I'll have more when there is more, and I know the equity futures markets like it -- it's admittedly less terrifying that letting Citi fail -- but so far I'm not impressed. ...

Yves Smith:

WSJ: US Agrees to Bail Out Citi (Updated): ...Note key element of the deal is that the Federal government will guarantee $300 billion of Citi assets, a much bigger number than had been leaked earlier, with a rather convoluted loss-sharing arrangement, but the bottom line is that Citi is at risk for at most $40 billion. Citi also gets a $20 billion equity injection, on slightly more onerous terms than the initial TARP investments, but still more favorable than Warren Buffett's investment in Goldman. Oh, and it appears there will be NO management changes.

I do not see how GM can be denied a rescue now (not that that outcome is really in doubt, merely how much pain will be inflicted on management and the UAW). ...

Update 12:50 AM: Bloomberg's story puts the bad asset program slightly higher, at $306 billion. ...

Calculated Risk has the Joint Statement by Treasury, Federal Reserve, and the FDIC on Citigroup, while James Kwak says the bailout is "Weak, Arbitrary, Incomprehensible." I think he has it right:

Citigroup Bailout: Weak, Arbitrary, Incomprehensible: According to the Wall Street Journal, the deal is done. Here are the terms.
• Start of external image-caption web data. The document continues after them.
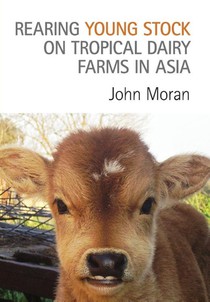 Rearing Young Stock on Tropical Dairy Farms in Asia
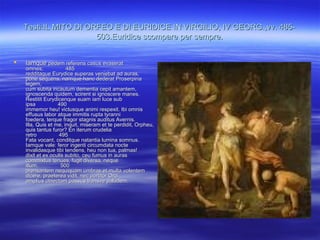 Testi:IL MITO DI ORFEO E DI EURIDICE IN VIRGILIO, IV GEORG.,vv. 485-Testi:IL MITO DI ORFEO E DI EURIDICE IN VIRGILIO, IV GEORG.,vv. 485-
503.Euridice scompare per sempre.503.Euridice scompare per sempre.
 IamqueIamque pedem referens casus evaseratpedem referens casus evaserat
omnes; 485omnes; 485
redditaque Eurydice superas veniebat ad auras,redditaque Eurydice superas veniebat ad auras,
pone sequens, namque hanc dederat Proserpinapone sequens, namque hanc dederat Proserpina
legem,legem,
cum subita incautum dementia cepit amantem,cum subita incautum dementia cepit amantem,
ignoscenda quidem, scirent si ignoscere manes.ignoscenda quidem, scirent si ignoscere manes.
Restitit Eurydicenque suam iam luce subRestitit Eurydicenque suam iam luce sub
ipsa 490ipsa 490
immemor heu! victusque animi respexit. Ibi omnisimmemor heu! victusque animi respexit. Ibi omnis
effusus labor atque immitis rupta tyrannieffusus labor atque immitis rupta tyranni
foedera, terque fragor stagnis auditus Avernis.foedera, terque fragor stagnis auditus Avernis.
Illa, Quis et me, inquit, miseram et te perdidit, Orpheu,Illa, Quis et me, inquit, miseram et te perdidit, Orpheu,
quis tantus furor? En iterum crudeliaquis tantus furor? En iterum crudelia
retro 495retro 495
Fata vocant, conditque natantia lumina somnus.Fata vocant, conditque natantia lumina somnus.
Iamque vale: feror ingenti circumdata nocteIamque vale: feror ingenti circumdata nocte
invalidasque tibi tendens, heu non tua, palmas!invalidasque tibi tendens, heu non tua, palmas!
dixit et ex oculis subito, ceu fumus in aurasdixit et ex oculis subito, ceu fumus in auras
commixtus tenues, fugit diversa, nequecommixtus tenues, fugit diversa, neque
illum, 500illum, 500
prensantem nequiquam umbras et multa volentemprensantem nequiquam umbras et multa volentem
dicere, praeterea vidit, nec portitor Orcidicere, praeterea vidit, nec portitor Orci
amplius obiectam passus transire paludem.amplius obiectam passus transire paludem.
In short: (a) Citi gets another $27 billion on the same terms as the first $25 billion, except that the interest rate is now 8% instead of 5%, and there is a cap on dividends of $0.01 per share per quarter; and (b) the government (Treasury, FDIC, Fed) agrees to absorb 90% of losses above $29 billion on a $306 billion slice of Citi’s assets, made up of residential and commercial mortgage-backed securities. (If triggered, some of that guarantee will be provided as a loan from the Fed.) There is also a warrant to buy up to $2.7 billion worth of common stock (I presume) at a staggeringly silly price of $10.61 per share (Citi closed at $3.77 on Friday).

The government (should have) had two goals for this bailout. First, since everyone assumes Citi is too big to fail, the bailout had to be big enough that it would settle the matter once and for all. Second, it had to define a standard set of terms that other banks could rely on and, more importantly, the market could rely on being there for other banks. This plan fails on both counts.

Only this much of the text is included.